Tor zur Hölle: Der Haupteingang zum KZ Auschwitz-Birkenau. Bild: Fotolia/gekaskr
Neuer Antisemitismus

Wieder bedroht: Europas Juden

Am 27. Januar 1945 wurde das Vernichtungslager Auschwitz von der vorrückenden Roten Armee befreit. 70 Jahre später sind Europas jüdische Gemeinden wieder in Gefahr: Mit Millionen Zuwanderern aus dem Mittleren Osten und Afrika zieht neuer gewalttätiger Judenhass in Europa ein.

„Für Juden in Frankreich gibt es keine Zukunft.“ Auf die lakonische Formel brachte es im vergangenen September ein Rabbi im Marais, jenem malerischen vierten Pariser Arrondissement, das seit dem 13. Jahrhundert Zentrum jüdischen Lebens in Paris ist. Nach dem mörderischen Dschihad-Überfall auf einen jüdischen Supermarkt in Paris erinnerte sich jetzt ein Journalist der mit dem US-Magazin Newsweek verbundenen Internetzeitung The Daily Beast an seinen spätsommerlichen Spaziergang durchs Marais und die Begegnung mit jenem Rabbi.

Frankreichs Juden haben Angst. Nicht erst seit den jüngsten Terroranschlägen, bei dem ein radikal-islamischer Mörder vier jüdische Kunden beim Einkauf zum Sabbat erschoss, einfach nur weil sie Juden waren. Seit gut 15 Jahren erleben die Juden in Frankreich wachsenden Antisemitismus und immer häufiger den Ausbruch regelrecht mörderischer antisemitischer Gewalt. Und fast immer geht sie von Angehörigen der muslimischen Zuwanderungsbevölkerung aus: Im vergangenen Dezember wurde im Pariser Stadtteil Bercy ein junges jüdisches Paar in seiner Wohnung ausgeraubt – weil Juden Geld haben – und das junge Mädchen brutalst vergewaltigt. Im Juli, während des kurzen Gaza-Konfliktes, wäre es in Paris ums Haar zu antijüdischen Pogromen gekommen: Unter „Tod den Juden“-Gebrüll wollten mohammedanische Mobs Synagogen stürmen. Ein jüdisches Geschäft und eine jüdisch geführte Apotheke gingen in Flammen auf. Frankreich stand unter Schock. Noch schlimmer ist die Erinnerung an den 23-jährigen jüdischen Telefonverkäufer Ilan Halimi: 2006 wurde Halimi von einer 27-köpfigen Bande afrikanisch-stämmiger Muslime, die Geld erpressen wollten, entführt, eine Woche lang gefoltert und dann ermordet.

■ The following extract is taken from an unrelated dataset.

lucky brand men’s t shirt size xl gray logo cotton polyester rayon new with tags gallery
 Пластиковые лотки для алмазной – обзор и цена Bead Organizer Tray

Manuel Valls: „Neuer Judenhass von Zuwanderern“

„Es gibt in Frankreich einen neuen Judenhass“, gab Frankreichs Premierminister Manuel Valls noch vor den jüngsten Dschihad-Angriffen in Paris im Interview mit dem US-Linksmagazin The Atlantic zu. Valls: „Dieser neue Judenhass kommt aus den Problem-Vierteln von Zuwanderern aus dem Mittleren Osten und aus Nordafrika. Israel und Palästina sind nur ein Vorwand. Da passiert gerade etwas viel tiefer gehendes.“

Und es wird immer schlimmer. Die Zahl der antisemitischen Angriffe wächst von Jahr zu Jahr. Juden können sich nicht mehr trauen, mit Kippa nach draußen zu gehen, „vor allem nicht in die Métro“, berichtete kürzlich der Präsident des Repräsentativrats der jüdischen Institutionen in Frankreich (Crif), Roger Cukierman: „Wir leben wie Ausgestoßene.“ Über dem ganzen Land lastet die Angst vor mindestens 1000 französischen Dschihadisten, die irgendwann aus Syrien oder dem Irak zurückkommen werden, und die es, so der stellvertretende Crif-Präsident Yonathan Arfi, „vor allem auf die Juden abgesehen haben“. In Brüssel (2014) und Toulouse (2012) ist genau das schon passiert mit insgesamt sieben jüdischen Toten.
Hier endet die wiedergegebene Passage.